MbS is today crown prince, deputy prime minister (the king always has the additional title of prime minister), defense minister, head of the Council for Economic and Development Affairs, head of the Council on Security and Political Affairs, and more. That arrangement is unprecedented for Saudi Arabia and is alien to every other Arab monarchy. Patterns vary: In Jordan and Morocco commoners serve as prime minister and the king fires them whenever he sees the need; in Kuwait, Qatar, and Bahrain, other members of the royal family but not the emirs and crown princes serve as prime minster. In Saudi Arabia the concentration of all power in the hands of one young man has very quietly been debated, but now the debate should be over. Whatever MbS loses in his ability to force through beneficial changes must be given up now, because unrestrained, unlimited power has too often been used badly.

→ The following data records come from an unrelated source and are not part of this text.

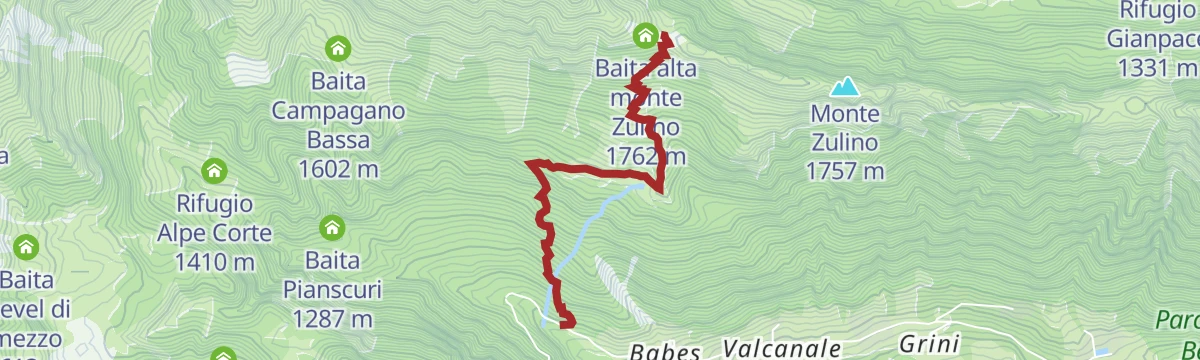 Route map: Attorno al fuoco alla forcella di Zulino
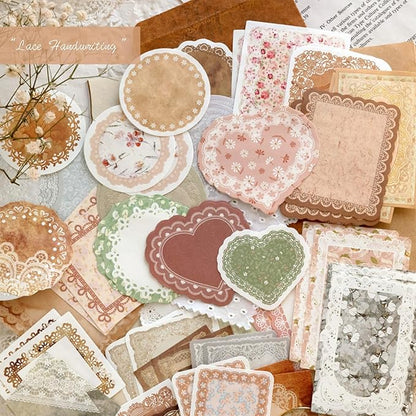 SIBLYMONA 200Pcs Vintage Memo Material Pack Memo Collection Series for Scrapbooking, Junk Journal Supplies DIY Art Crafts Bullet Journal Diary Album Planne (SetA)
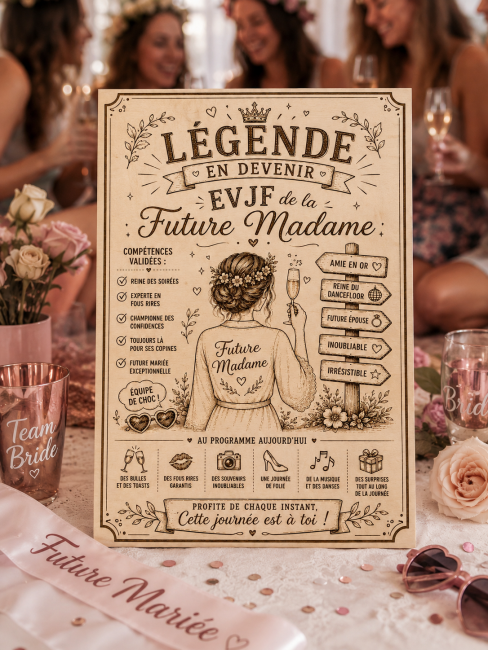Panneau EVJF personnalisé Future Madame décoration enterrement de vie de jeune fille Panneau EVJF en bois personnalisé Légende en devenir Future Madame lors d’un enterrement de vie de jeune fille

The replacement of MbS as crown prince is a separate matter of royal politics. If the king has lost confidence in MbS, which I doubt, he will choose another son for that post now. Or possibly there is enough rebelliousness in the wider House of Saud to demand that the king take that step, or even to push the king himself aside on grounds of ill health. It has happened before: King Saud was forced out in 1964 in a power struggle with his brothers. The United States should not engage in the royal succession sweepstakes but we should state that our interests require a Saudi government with which we can work.

This is not a call for a coup but for a combination of American pressure and reasoning with the king – whose views will be crucial – and with the crown prince himself. The king chose him above three older sons and wants him to succeed to the throne and keep it for decades. We must tell him that that won’t happen unless Saudi Arabia replaces whims and ukases with something that looks like a government. (The king may have reached that conclusion himself; we won’t know until we try.) Nor will the kingdom attract the investment that it desperately requires unless the rule of law replaces the crown prince’s fiat. We must tell both of them that even in the cold world of business and international politics, the vicious murder of a journalist can change the image of a nation and a prince overnight. We should clearly express our moral outrage. And then we should then harness it – not to abandon Saudi Arabia, but to insist that Saudi Arabia move further away from gruesome violence, and start to create a system of governance and law that can truly modernize the country and sustain the alliance with it that we have had since 1945.